The mobilization comes as authorities said they were boosting security in Katmandu to enforce a ban on demonstrations - both for and against embattled King Gyanendra.
A top Maoist official said the former rebels only intended to “celebrate” the king´s departure and would respect security restrictions barring them from attempting to lay siege or storm the royal palace.
“This is going to be a celebration and a display of our strength and our victory, but we will stay away from prohibited areas,” he told Agence France-Presse.
Authorities in the capital said they have banned demonstrations and mass meetings in four places around Katmandu and are planning to deploy an extra 5,000 security personnel.
“The government has announced special prohibitory orders from today that forbid rallies or protests in certain sensitive areas including the royal palace and the constituent assembly venue,” said Katmandu Police Chief Sarbendra Khanal.
A new constitutional assembly - in which the Maoists won the most seats during elections in April - is due to formally abolish the monarchy tomorrow.
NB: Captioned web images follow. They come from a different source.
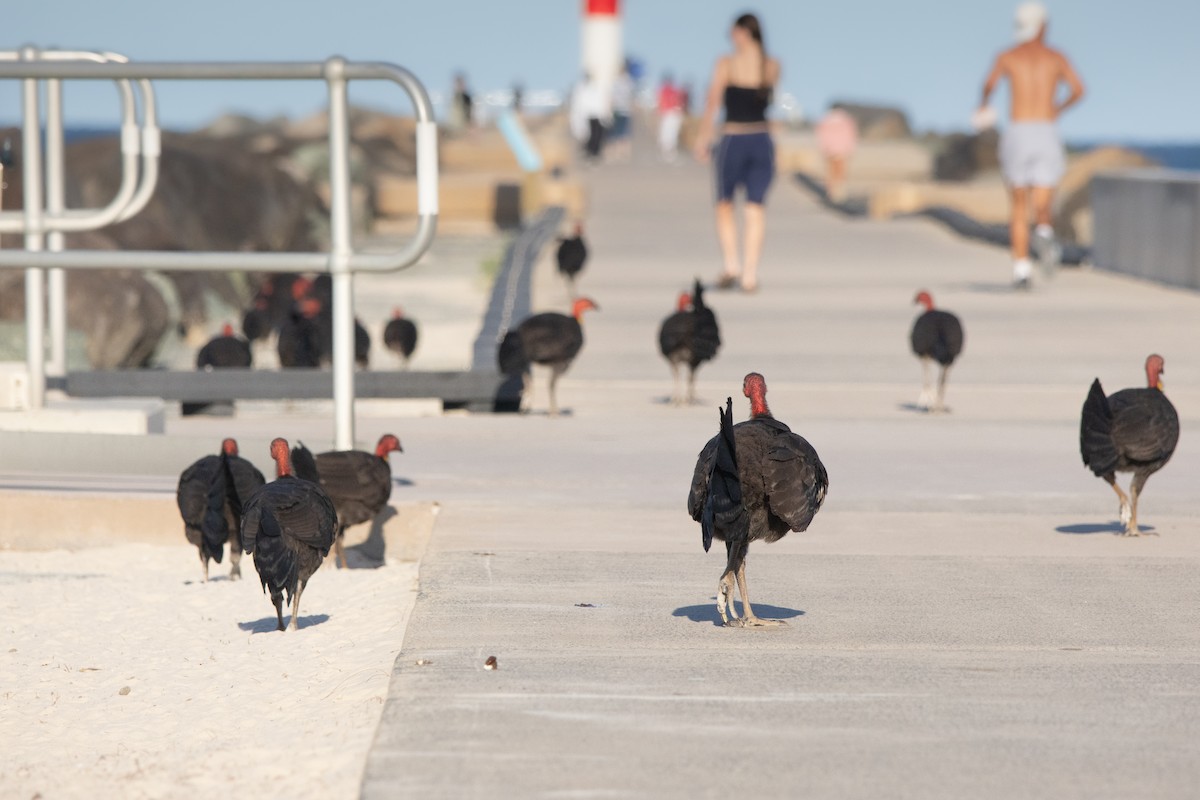 tabon brunátný - ML646471245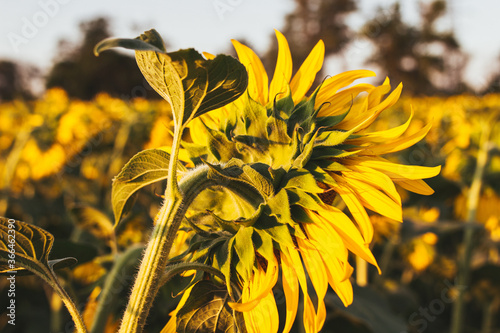 yellow flower in the sun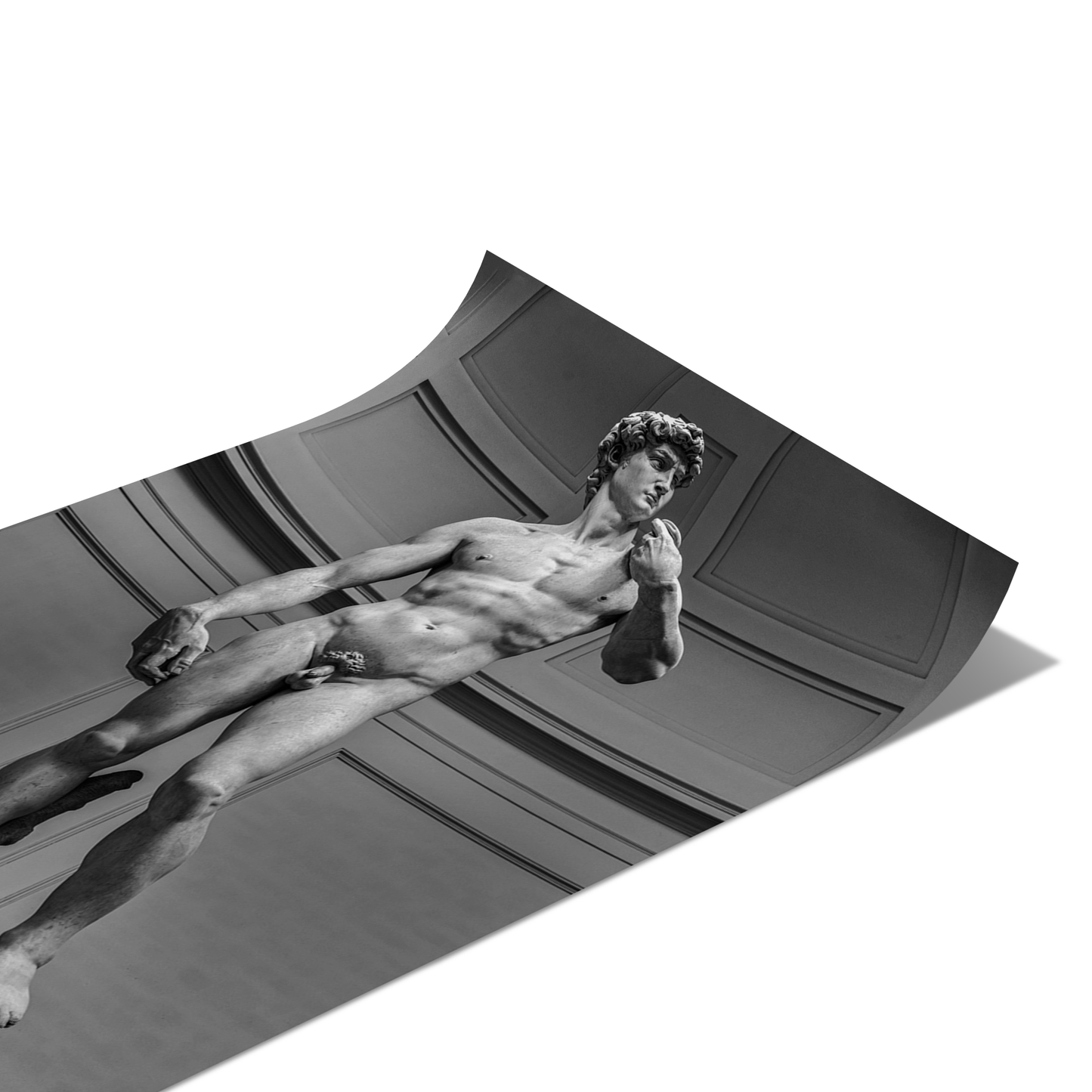 Michelangelo’s - David Poster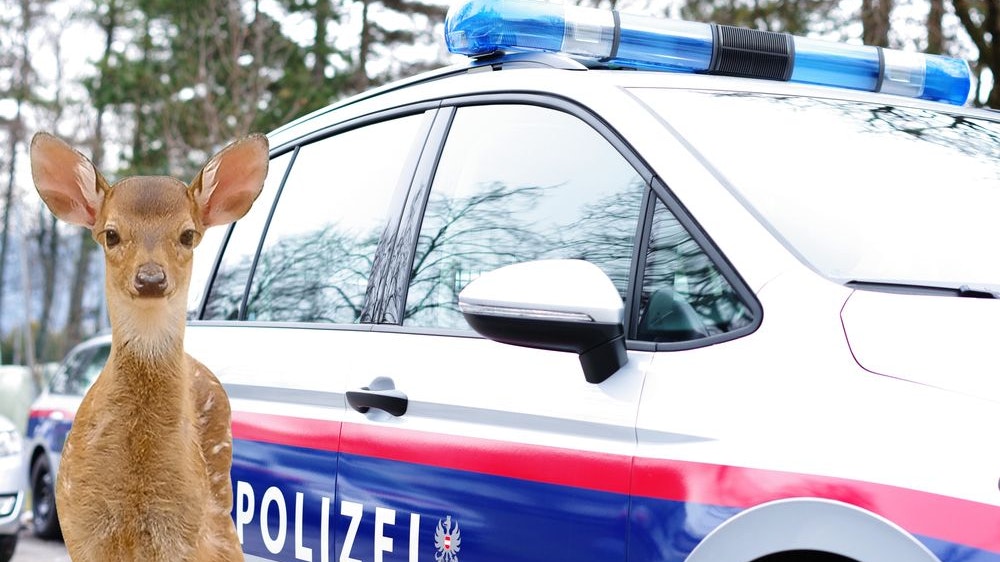 Heute.at - Lust am Töten: 20 Tiere erschossen, Polizei ermittelt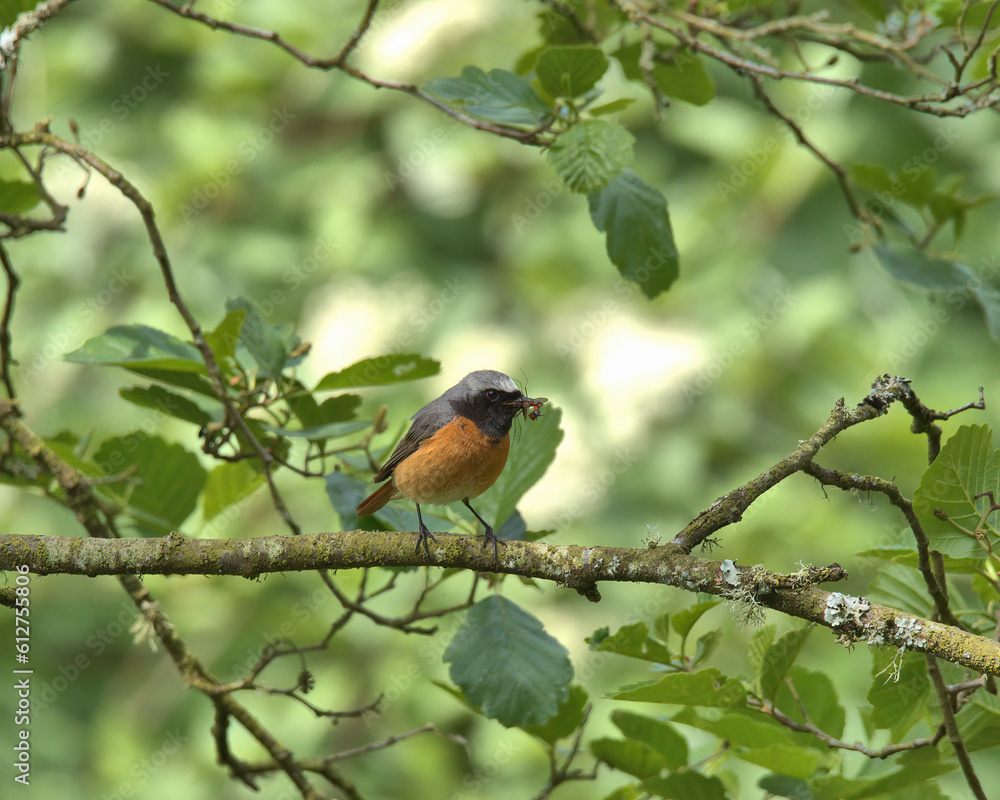 Male Common Redstart perched on a branch.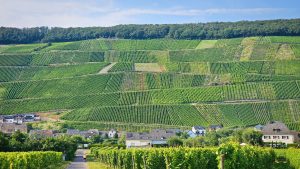 Cycling in the Mosel Valley. Vineyards everywhere.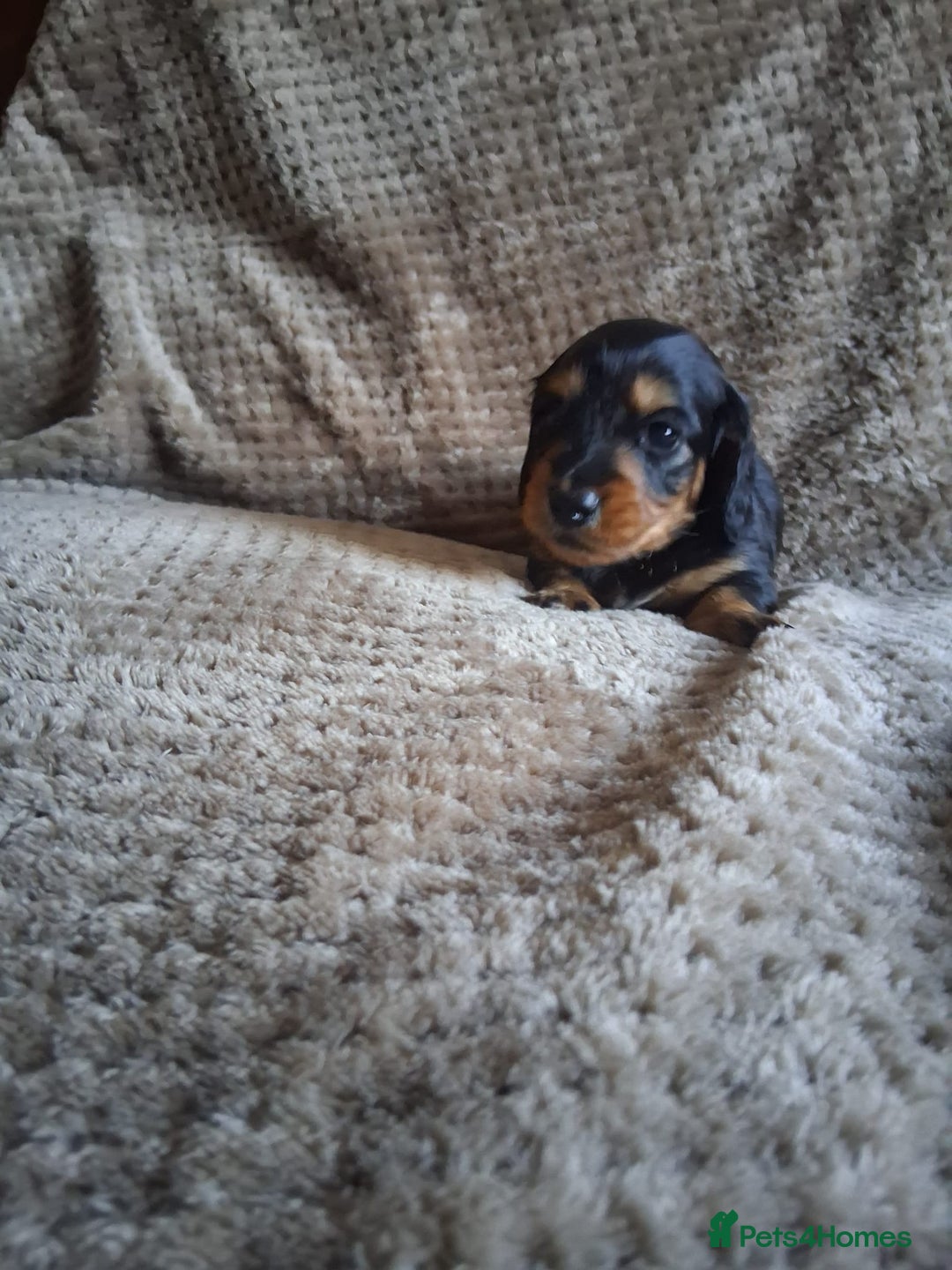 Miniature Dachshund dogs for sale: Miniature Long-Haired Dachshund - Advert 12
The end of the 240-year-old Shah dynasty will be a major victory for the Maoists, who launched a “people´s war” in 1996 aimed at toppling the monarchy and establishing a communist republic.
The Maoists have promised to follow democratic norms, but the movement - including the youth wing being mobilized in Katmandu - faces allegations that their cadre continue to commit serious human rights abuses, including abduction, extortion and murder.